As I mentioned in a previous post, I am always eavesdropping in public places. As a writer, this is one of the methods we study dialogue so that the characters in our stories are unique in their speech. So, you can only imagine some of the interesting unlikely conversations that I overhear.
One Monday morning at my “day job”, I overheard a conversation between two men about their weekend activities. I love listening to discussions between men because, as a female writing about relationships, it is difficult to write from the male point of view. It is even better when they think no one is listening like on this day when there was a cubicle wall between them and me.

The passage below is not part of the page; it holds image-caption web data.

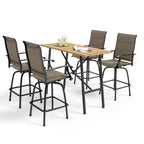 Ensemble de 5 tabourets de bar de patio avec table aspect bois et tabourets pivotants en textilène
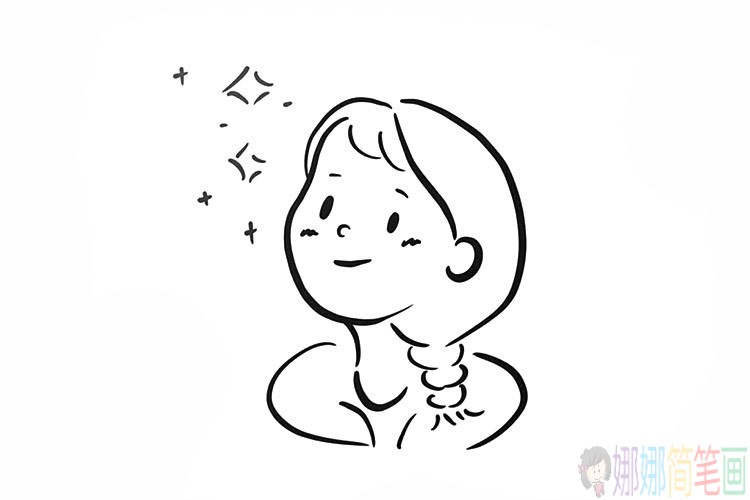 简单线条小姐姐画像图片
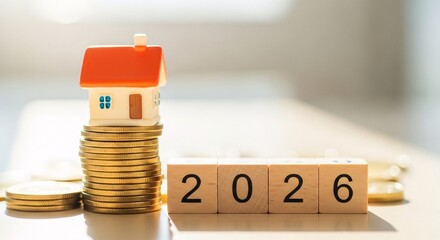 Miniature house on a stack of coins next to 2026 blocks, symbolizing future real estate investment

One of the guys had the normal “guy” weekend and there was nothing noteworthy for me. However, the other guy’s weekend was very interesting and humorous. He mentioned that he had gone out on a first date with someone he met at the home of another friend. He said that the date was going okay until the young woman started asking him all types of questions. When asked what type of questions by his workmate, he replied, “Well, it felt like I was on a job interview.” Now, this guy was from London, so just imagine hearing the exasperation in that statement with his accent. I burst out laughing. I could not help it.
Of course, they heard me and stopped talking. I stood up and apologized explaining that I could not help but overhear the conversation. I told him his date was ensuring that he was not a waste of her time. He was puzzled so I told him a few things that cleared it up for him. He was amazed that I guessed his date was established in her career and nearing the age of 30. I explained to Mr. London that his date was on the “hubby track”.

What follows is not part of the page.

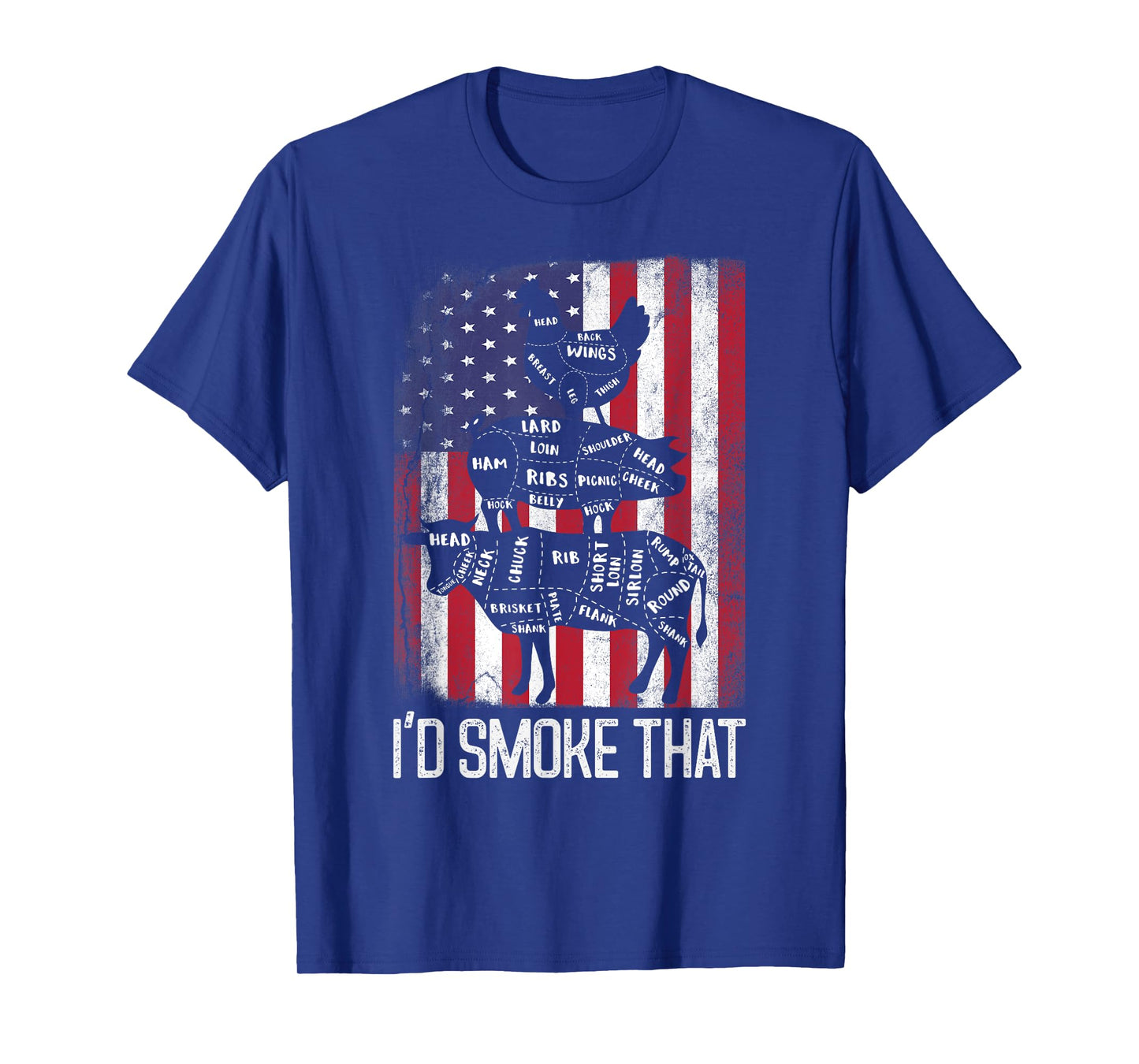 BBQ USA Flag I'd smoke that Beef Pork Chicken Butcher Funny Women Men T-Shirt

The pressure “to marry” for some women can sometimes become a toxic situation. This pressure can come from family, friends and definitely from the fact that there are more females in the population than males. Therefore, some women are destined to remain single. There are some women who do not want to be counted in that number and Mr. London’s date was one of those women. Also, the horrible truth is that some women judge other women not by their individual successes, not by their contribution to society but by the fact of their marital status. This is the ultimate pressure – how you are viewed by your peers.
In my own family, I have a relative who had a different fiancée at every family gathering attended to the point I was getting them mixed-up! It was as if she had a wedding photo ready with a silhouette for a husband and any man available could replace that silhouette. Needless to say, I was worried for her and I am still worried for her. She has now been married multiple times and even now is unhappy in her current marriage. I want to tell her it is okay to be single and that is okay just to get off the “hubby track”.

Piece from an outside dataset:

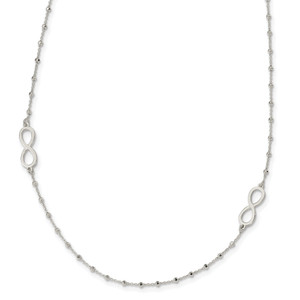 Sterling Silver Polished Beaded Infinity with 1 in ext. Necklace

Now, I am a woman who believes in love and marriage. I also believe that a woman should take the necessary time to look for the signs of a keeper (as stated in my earlier post of the same name) during the course of interacting with a prospective mate. In time, you will know if he is the one for YOU. However, if you are “hubby job interviewing” dates and/or mentally marrying every man you date, you need to take a break from the “hubby track” and investigate your chief motivating force. It is my belief that you will find you are acting out of some fear – which is the wrong reason to be on the “hubby track”.
Do you think that some women judge other women by their marital status?
Have you ever known someone that could have possibly been on the “hubby track”? If so, can you share their outcome?